• Work instruction:
Pictures are to be left out; otherwise, copy exactly the lines from the line containing "Uno Justerbar Gull" through the end of the data.

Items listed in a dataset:
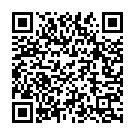 Bansi Waloo Bajwe Bansi Madhuvan Me Song - QR Code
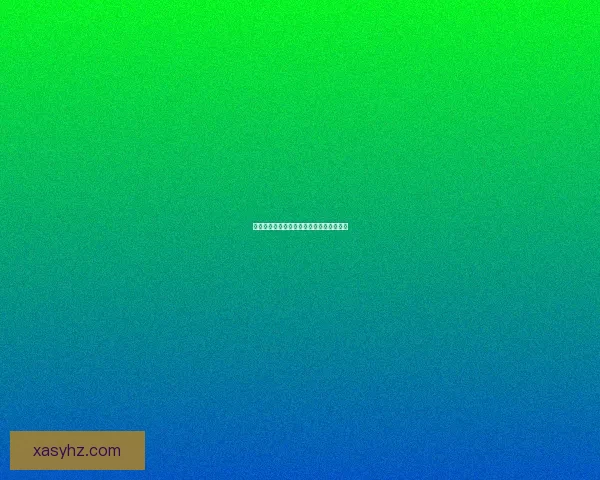 征途魂魄石的神秘力量与角色提升解析探秘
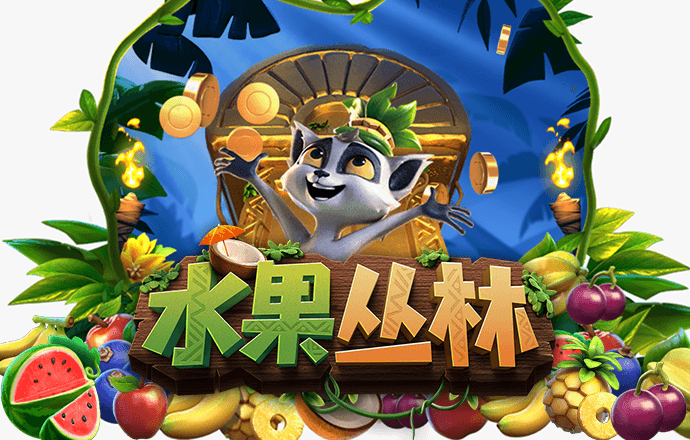 为高空抛物加装“护栏”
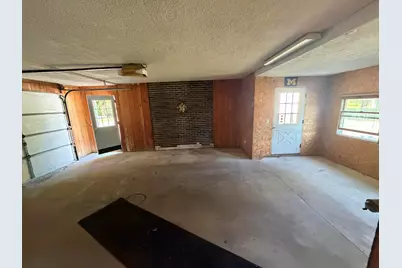 18258 Pleasanton Highway, Bear Lake, MI 49614 - Photo 63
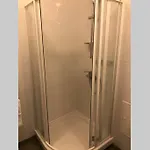 Уютные Апартаменты Прямо На Берегу Моря Holiday home *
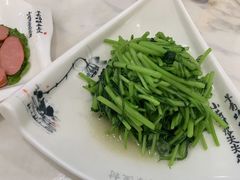 -郭姐·威海渔村(黄兴路店)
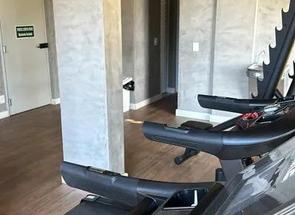 Apartamento, 2 Quartos, 1 Vaga, 1 Suite em Rio Branco, Belo Horizonte, MG valor de R$ 290.000,00 no Lugar Certo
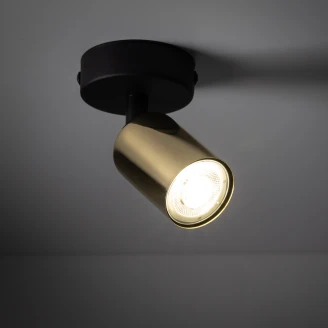 Spotlight <strong>Vilia</strong>  Uno Justerbar Gull
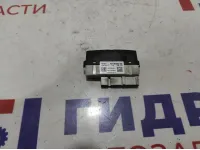 Блок электронный BMW 6 (F13) 61319218380.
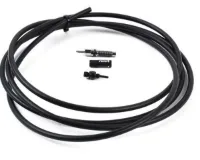 Rock Shox Reverb Hose Kit Rock Shox Reverb Hose Kit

• Response area:
 Spotlight <strong>Vilia</strong>  Uno Justerbar Gull
 Блок электронный BMW 6 (F13) 61319218380.
 Rock Shox Reverb Hose Kit Rock Shox Reverb Hose Kit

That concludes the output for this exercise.